7 Jan - 2 min read
If you’ve been affected by the recent floods and find yourself weighed down with a fair amount of damaged Ringgit Malaysia notes, these currencies are actually not completely lost as Bank Negara Malaysia (BNM) has a standing policy that lets you exchange banknotes that are considered to be “unfit for circulation”.
In a Facebook post today, the central bank shared a reminder that “[i]f your ringgit notes are damaged by the floods, you can exchange them at any banks” – including those that you do not have an account with. As the visual shared by BNM below shows, examples of damages may include holes in your banknotes, extensive or localised dirt or liquid, ink wear, loss of security feature, and limpness.
That said, BNM also emphasised that the exchange value may not necessarily be the equivalent amount of money’s worth in return. Rather, it depends on the condition of the damaged note, which will be determined by the bank that you visit and the central bank.

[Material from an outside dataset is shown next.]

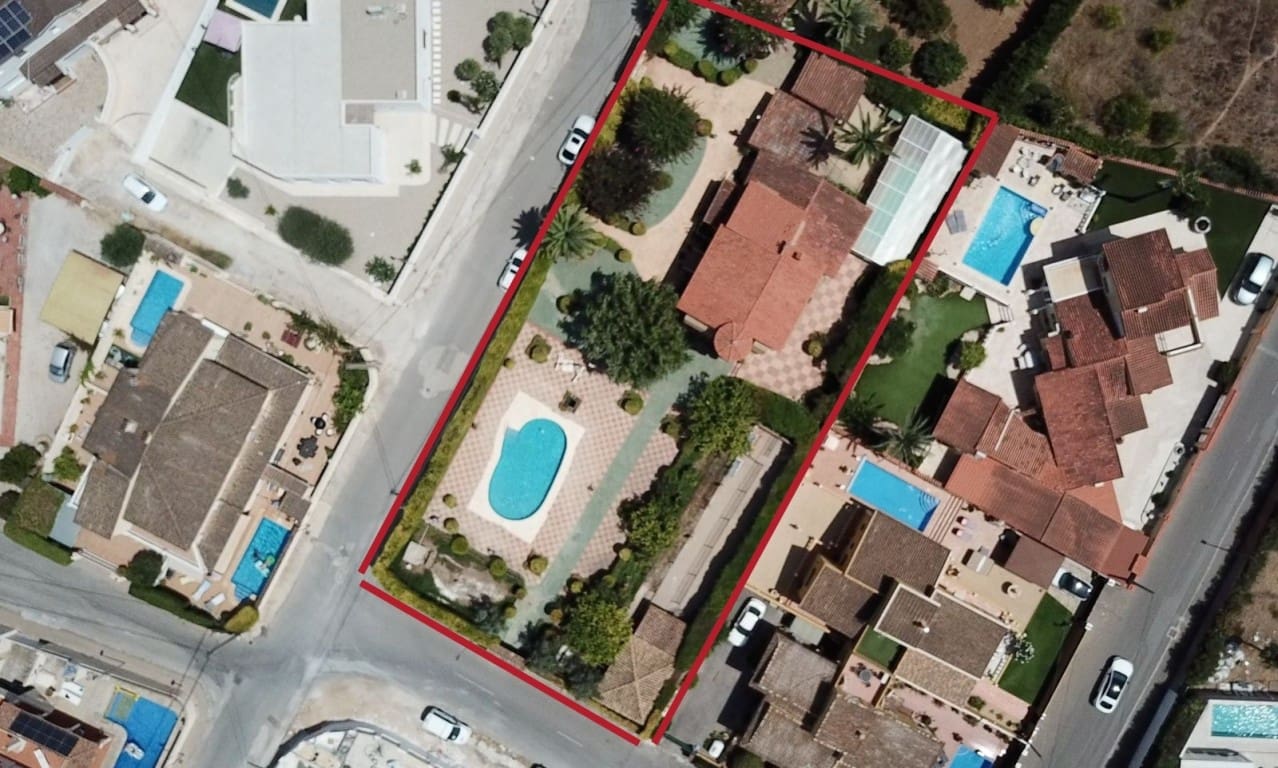4 sovrum Villa till salu i Albir med pool - 1 500 000 € (Ref: 9995446)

Generally, you can expect to receive compensation of either full or half value – or no compensation at all, if the damaged notes do not meet criteria set by BNM.
Additionally, the speed with which you’ll receive your compensation will also vary based on the state of your notes; if it is a straightforward case of damaged notes, you can expect to receive the compensation on the same day. However, in unclear cases of damaged notes, your bank may need to consult BNM – which means that your compensation will come at a later date.
To clarify, this banknote exchange policy is not new; it has been around for a while, and even has an official document of the Quality Standards for Malaysian Currency to guide the process. It is applicable to numerous other forms of blemishes as well, and not just flood-damaged notes. If you have Malaysian banknotes that have been torn, cellophane taped together, burnt, infested by termites, defaced, or shrunk, you can also approach the nearest bank branch to make enquiries. In fact, the guideline also covers coins that have been corroded, dented, cut, or stained.
Do be aware, though, that while most commercial banks will provide this service for free, some may charge a small fee for it. As such, make sure to clarify before kickstarting any processes.